Completion With A Purpose: Consumer-Driven Education and Training Policy
A “How To” Playbook for America’s Governors
Every governor understands the urgency around the issue of education and workforce, the strain employers are under to find and retain workers for the jobs of today and tomorrow, and the challenges adults face when determining whether and how to pursue additional skills. More than 7 million American jobs remain unfilled, costing our economy hundreds of millions of dollars every year. We must do better, and creating sound policies to connect learning to work will make a difference.
Key Findings
To drive change, governors and state-level leaders must focus on:
- Ensuring every learner has meaningful, relevant experiential learning as part of their education and training.
- Investing in innovative funding models that better align to the needs and pace of today’s students and workers.
- Better leveraging existing funding streams to provide adult learners the support they need to succeed.
The New Learning Ecosystem for which Strada is advocating is one that truly links educators and employers, makes learning relevant and accessible to today’s learners, and uses real-time data to give students more purposeful pathways to lifelong success. This playbook is designed to help governors and state-level leaders tailor strategies to create a truly consumer-centered system that priorities experiential learning, aligns to the funding needs of today’s student, and more holistically supports adult learners to develop the skills they need to compete in the 21st century.
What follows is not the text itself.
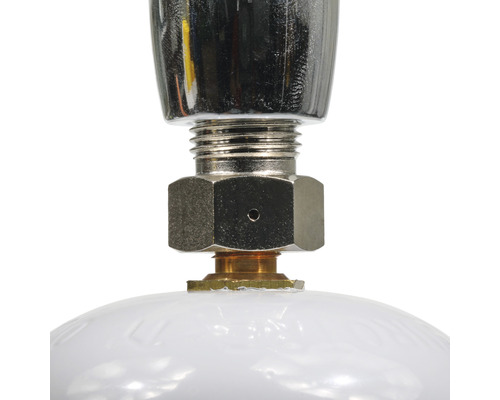 Detailaufnahme eines Ventils mit Gewinde und Mutter auf einem Behälter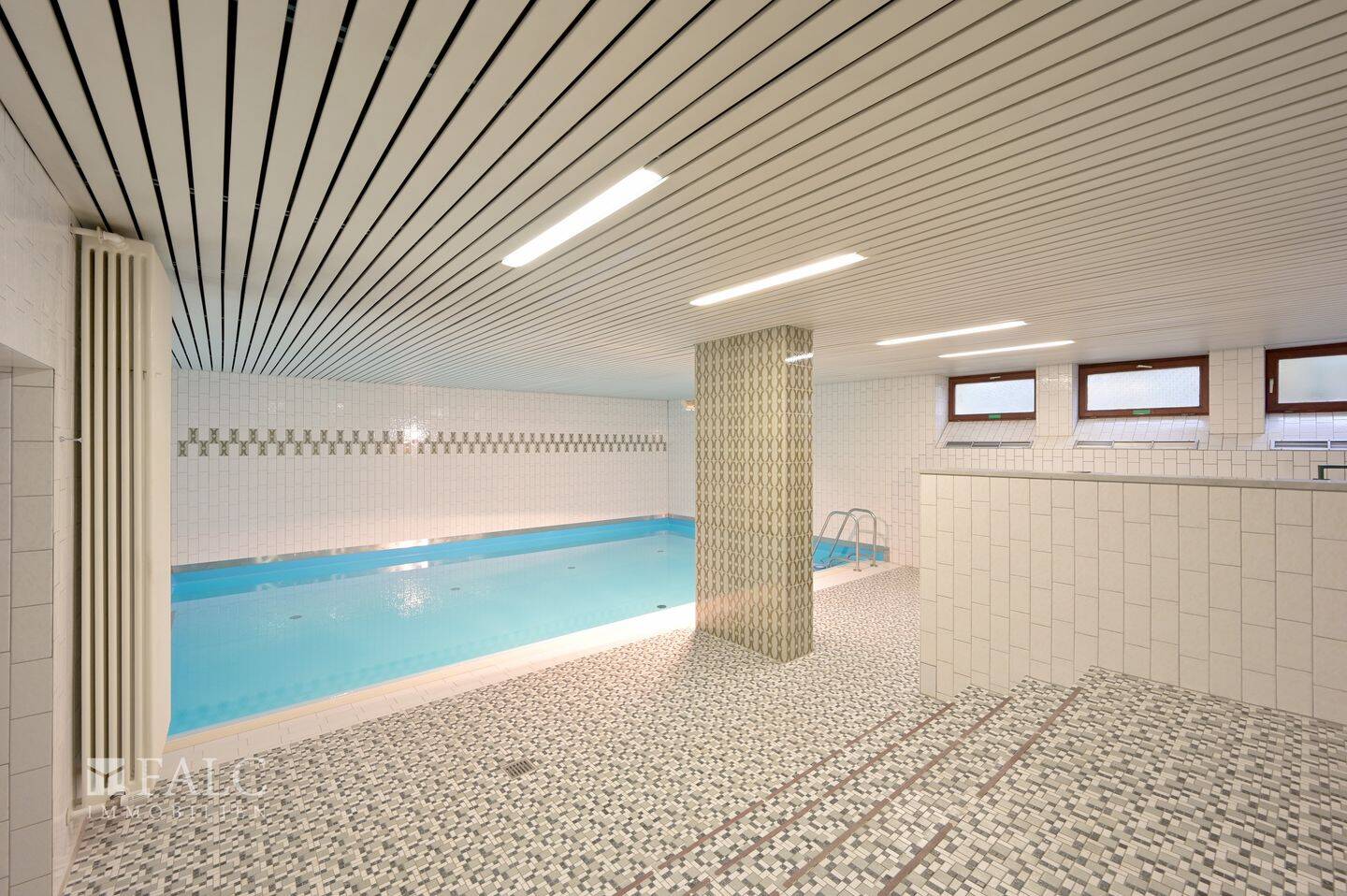 Exklusive Wohnung in ruhiger Lage mit Pool, ideale Raumaufteilung - vielseitig nutzbar & WG geeignet – München – Vorschaubild 9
The old model of education, where first you learn and then you earn, simply no longer reflects the needs of secondary or postsecondary students preparing for increasingly long and varied careers. Schools, higher education institutions, and employers must work together to ensure every learner in every state is both enrollable and employable, with access to work-based learning opportunities that provide the human and technical skills driving the economy.
“Students are telling us they feel underprepared to enter the workforce while employers bemoan the skills of recent graduates. That signals demand for new career advising and work-relevant learning models that support more successful transitions from education to employment.”